The processor 610 has a processing core 512 to execute instructions of the system 600. The processing core 612 includes, but is not limited to, fetch logic to fetch instructions, decode logic to decode the instructions, execution logic to execute instructions and the like. The processor 610 has a cache memory 516 to cache instructions and/or data of the system 600. In another embodiment of the invention, the cache memory 616 includes, but is not limited to, level one, level two and level three, cache memory or any other configuration of the cache memory within the processor 610. In one embodiment of the invention, the processor 610 has a central power control unit PCU 613.

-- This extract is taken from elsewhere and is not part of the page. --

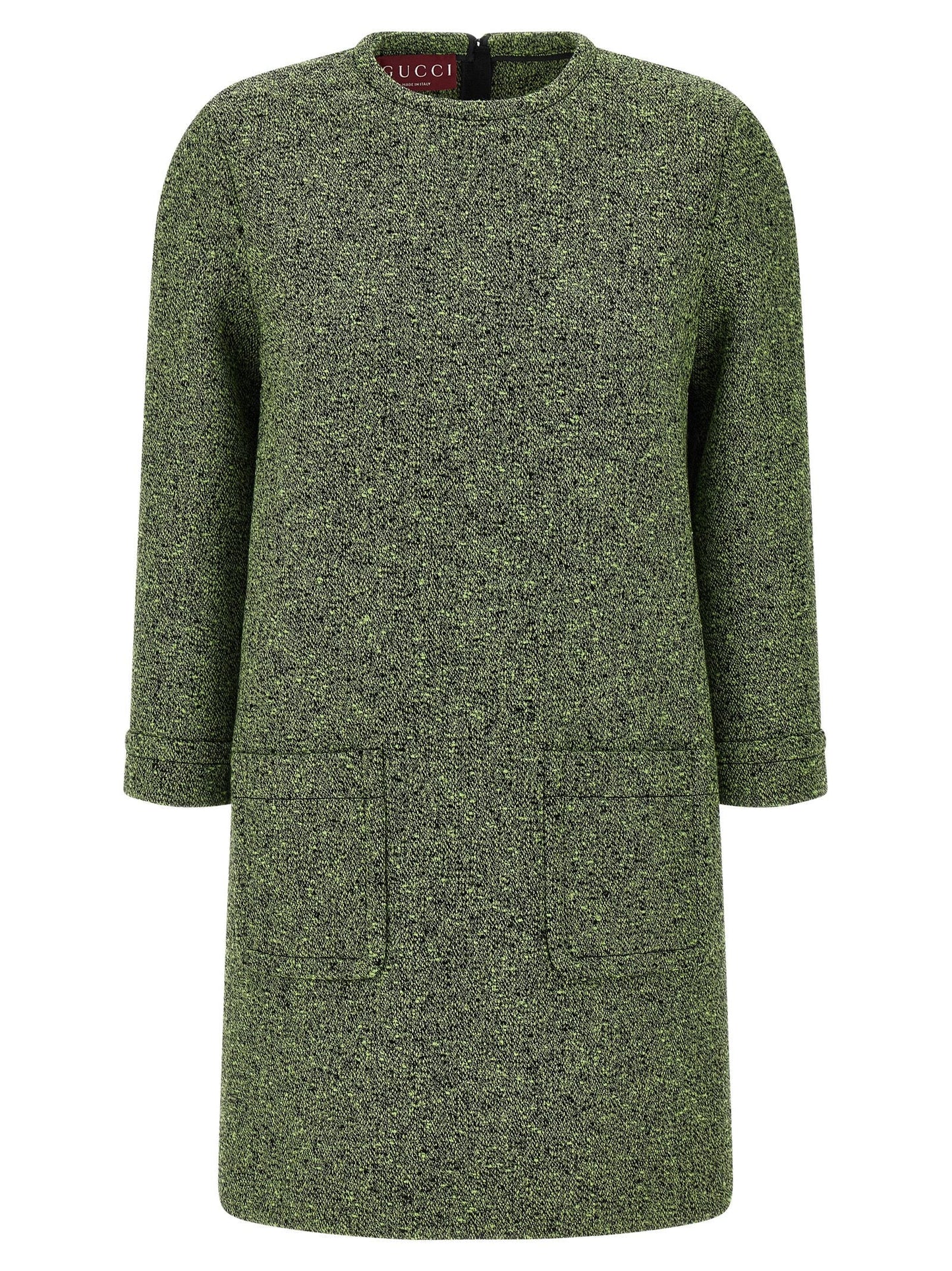 Gucci Women 'Mouliné' Dress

The memory control hub (MCH) 614 performs functions that enable the processor 610 to access and communicate with a memory 630 that includes a volatile memory 632 and/or a non-volatile memory 634. The volatile memory 632 includes, but is not limited to, Synchronous Dynamic Random Access Memory (SDRAM), Dynamic Random Access Memory (DRAM), RAMBUS Dynamic Random Access Memory (RDRAM), and/or any other type of random access memory device. The non-volatile memory 634 includes, but is not limited to, NAND flash memory, phase change memory (PCM), read only memory (ROM), electrically erasable programmable read only memory (EEPROM), or any other type of non-volatile memory device.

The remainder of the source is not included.